C’est peut-être un rappel que Cannes a plus à vendre que des films d’art, même lorsque certaines de ces entrées – comme le gagnant de la Palme d’Or “Parasite” ou le hit de l’année dernière “La pire personne du monde” – continuent à frapper une corde culturelle. Cannes vend aussi du glamour sous la forme d’images de tapis rouge qui sont diffusées à travers le monde. Et la toile de fond parfaite de la Croisette, où ce tapis rouge est mis en valeur par un ciel d’été azur et une mer d’un bleu encore plus riche, offre également la rampe de lancement idéale pour les superproductions de studio : “Top Gun : Maverick” et le fastueux “Elvis” de Baz Luhrmann. » fera ses débuts à Cannes cette année aux côtés de films indépendants comme « Showing Up » de Kelly Reichardt, avec Michelle Williams dans le rôle d’une artiste soignant un pigeon blessé.
Après que la 74e édition du festival ait été contrainte par l’émergence de la variante Delta du coronavirus, Cannes cette année est la fête de retour à son maximum. Le nombre de journalistes ici a presque triplé depuis l’été dernier, les soirées sont autrefois animées et le film de la soirée d’ouverture, “Final Cut”, a été réalisé par un grand nom de Cannes, le réalisateur français Michel Hazanavicius, dont le film ” The Artist » a fait ses débuts ici en 2011 avant de remporter l’Oscar du meilleur film.
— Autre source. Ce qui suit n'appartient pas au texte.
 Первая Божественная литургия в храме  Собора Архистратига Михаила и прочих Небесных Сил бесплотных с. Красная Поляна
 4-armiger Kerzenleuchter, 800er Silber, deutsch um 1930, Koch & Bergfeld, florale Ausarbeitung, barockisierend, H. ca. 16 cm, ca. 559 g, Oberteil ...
Hazanavicius a connu tous les hauts et les bas que Cannes a à offrir : trois ans après sa victoire avec “The Artist”, il revient avec le drame de guerre “The Search”, qui lui a valu des huées et des sifflets si moqueurs lors de sa projection dans la presse que le film a échappé de justesse à la Croisette vivant. Pourtant, Hazanavicius ne pouvait pas rester à l’écart : bien que sa comédie de zombies “Final Cut” devait initialement être présentée en première au Festival du film de Sundance en janvier, le film a pivoté vers Cannes lorsque Sundance est devenu entièrement virtuel.
“J’ai l’impression d’être né à Cannes pour ‘The Artist’, mais je suis mort à Cannes pour ‘The Search'”, a déclaré Hazanavicius à IndieWire cette semaine. « C’est un jeu de poker. Vous venez avec vos cartes mais on ne sait jamais.
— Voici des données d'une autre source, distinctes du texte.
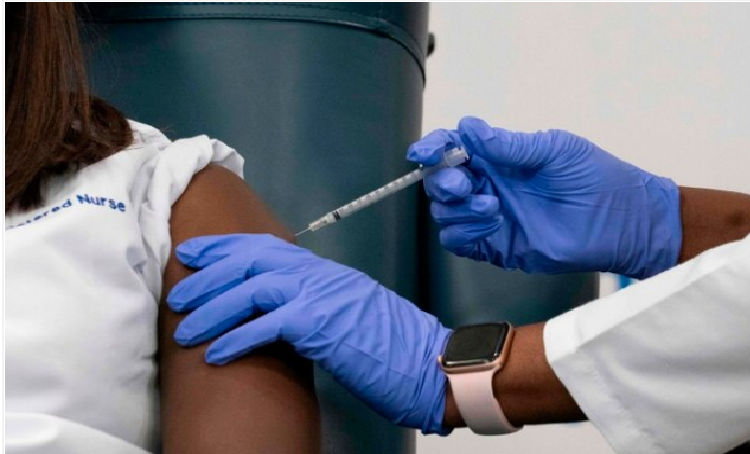 OMS critica desigualdades en el acceso a las vacunas: “Son más grotescas cada día”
Et vous venez parce que quand Cannes se connecte, il n’y a rien d’autre comme ça. C’est peut-être pour cette raison que la cérémonie d’ouverture du festival, mardi soir, a pu attirer un invité surprise de renom : le président ukrainien Volodymyr Zelensky, qui s’est présenté par satellite. Dans ses treillis militaires, il a parlé à la foule vêtue de couture du pouvoir du cinéma de remodeler ce que nous pensons de la guerre et des gens qui la font. Citant «Le grand dictateur» de Charlie Chaplin, Zelensky a déclaré: «La haine des hommes passera, et les dictateurs mourront, et le pouvoir qu’ils ont pris au peuple reviendra au peuple.»
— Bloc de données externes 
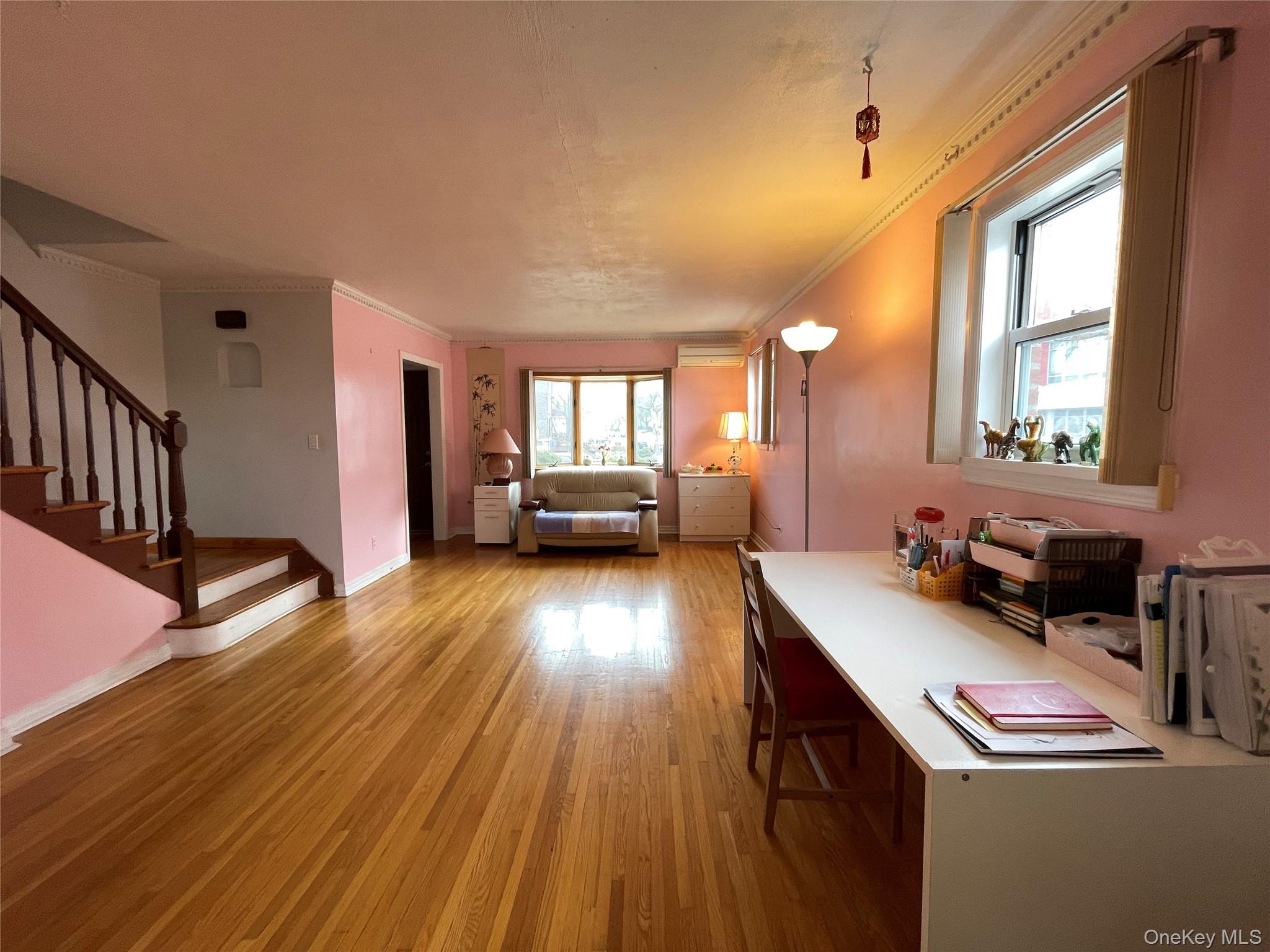 #9 photo, 6152 149th Street, קווינס Flushing , NY 11367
Pendant qu’il parlait, j’ai repensé à la conférence de presse du jury, où les jurés – qui comprennent l’actrice-réalisatrice Rebecca Hall et le président du jury Vincent Lindon, qui a joué dans le gagnant de la Palme d’Or de l’année dernière, “Titane” – ont été invités à dire si le film conserve toujours toute primauté culturelle dans un monde dominé par, eh bien, TikTok. Un autre membre du jury, le réalisateur de “La pire personne du monde”, Joachim Trier, est intervenu pour dire que le cinéma est “une forme d’art très radieuse et progressive que nous aimons tous”. Puis il sourit.
“Les gens disent qu’il est en train de mourir”, a déclaré Trèves. “Je n’y crois pas une seconde.”